§ What needs to be done
Transcribe the entries below exactly, starting with the line that has "Misa Maris Top In Brown" and stopping after the line that has "X-COPS - YOU"; no pictures belong in the copy.

§ Material for the task
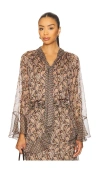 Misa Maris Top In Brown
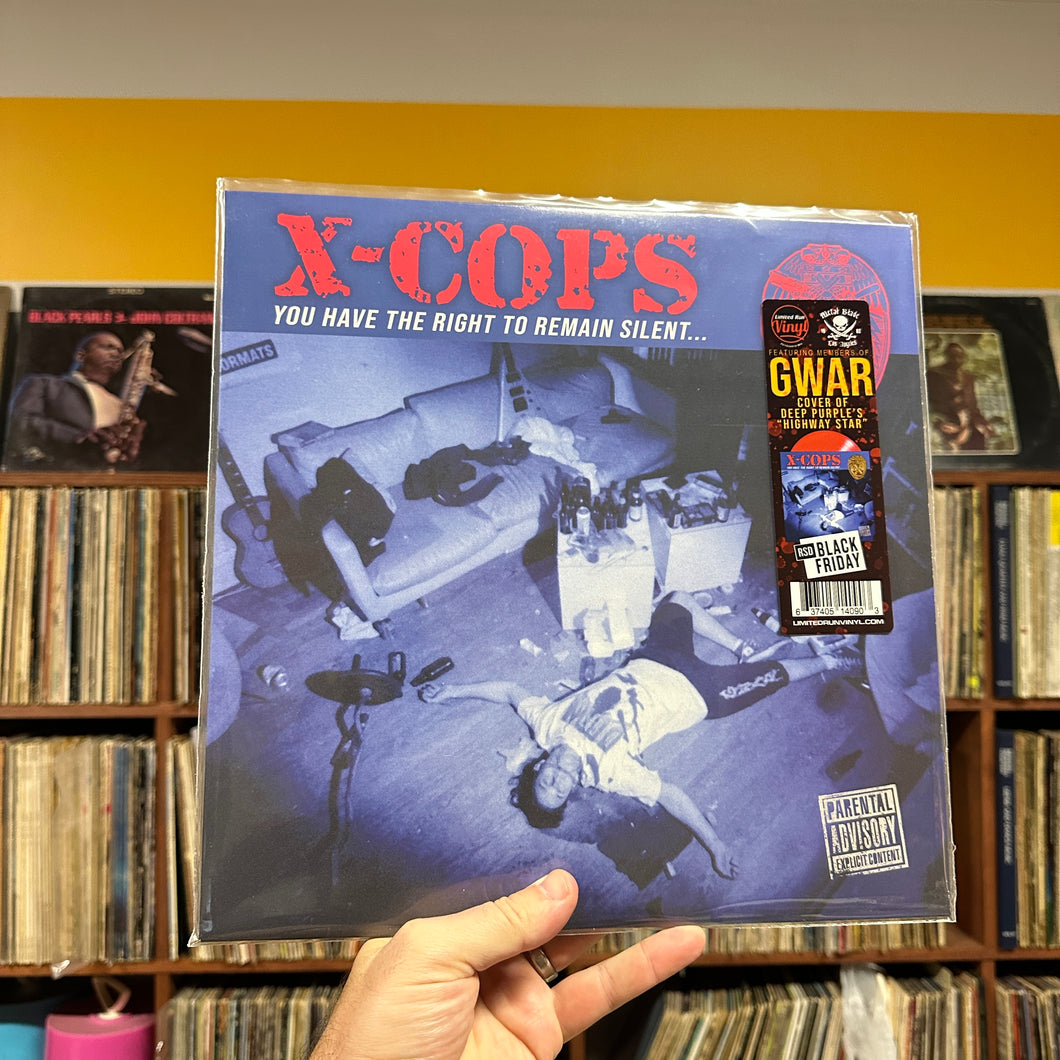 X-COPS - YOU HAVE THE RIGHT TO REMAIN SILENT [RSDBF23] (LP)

--

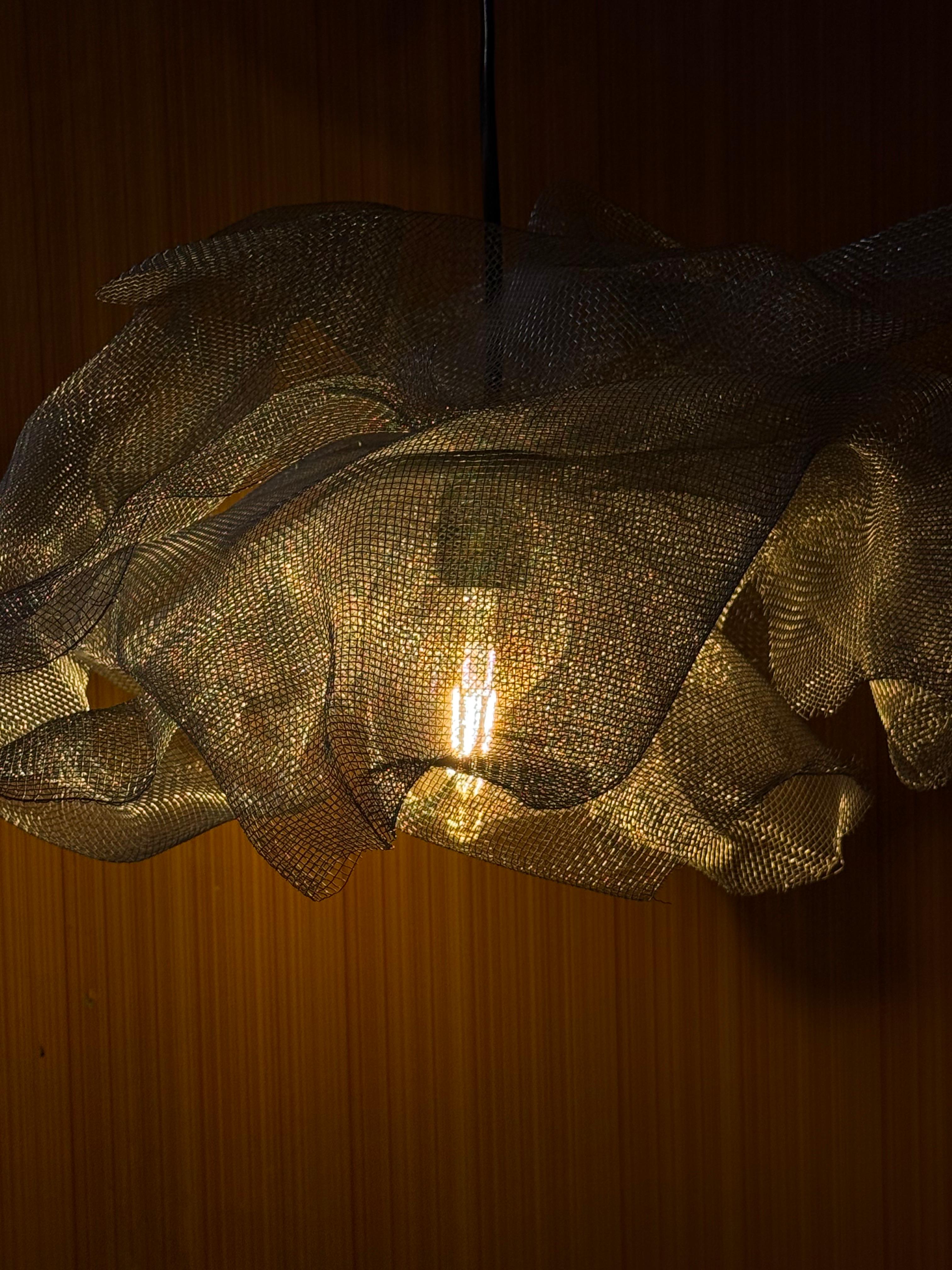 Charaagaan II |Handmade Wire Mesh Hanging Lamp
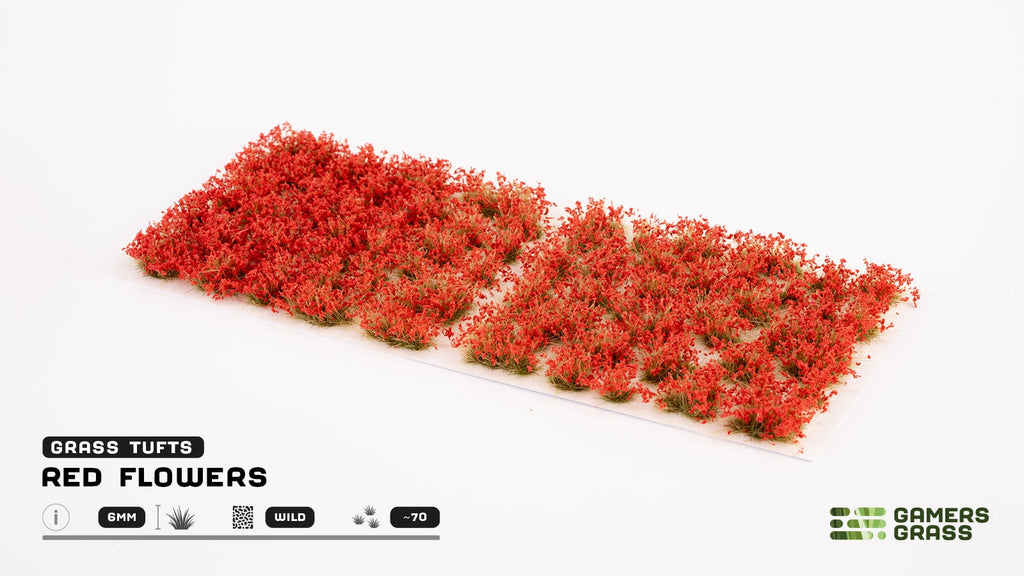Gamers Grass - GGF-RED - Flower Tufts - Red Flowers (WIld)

---

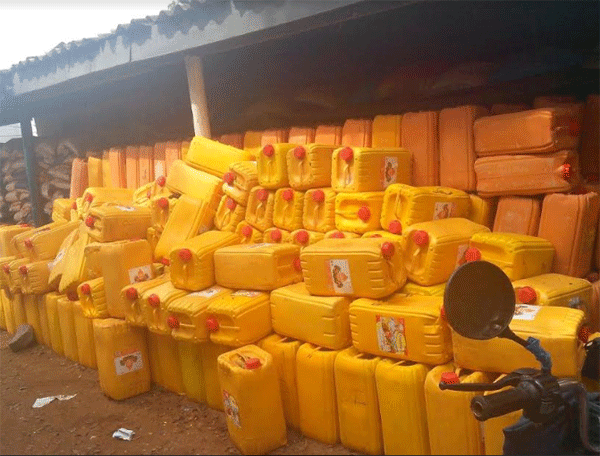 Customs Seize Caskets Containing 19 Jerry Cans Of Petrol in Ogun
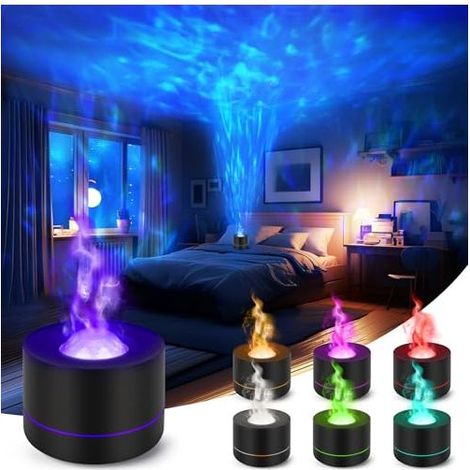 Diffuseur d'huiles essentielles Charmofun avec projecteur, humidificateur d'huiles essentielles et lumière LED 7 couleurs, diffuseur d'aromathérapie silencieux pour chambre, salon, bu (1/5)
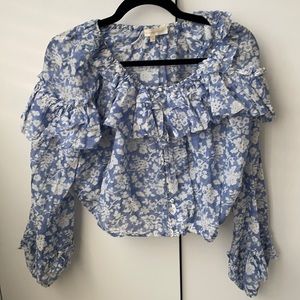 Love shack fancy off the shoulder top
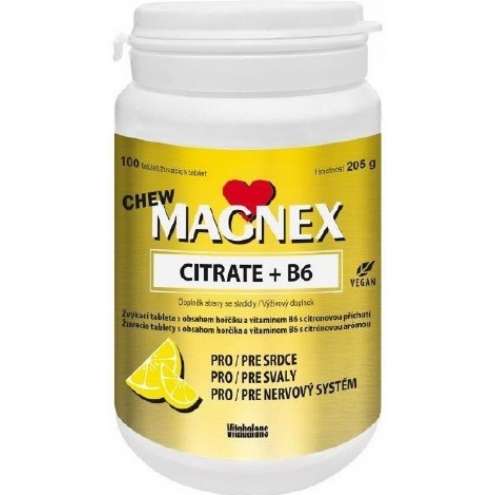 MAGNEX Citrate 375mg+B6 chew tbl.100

§ Expected answer
 Misa Maris Top In Brown
 X-COPS - YOU HAVE THE RIGHT TO REMAIN SILENT [RSDBF23] (LP)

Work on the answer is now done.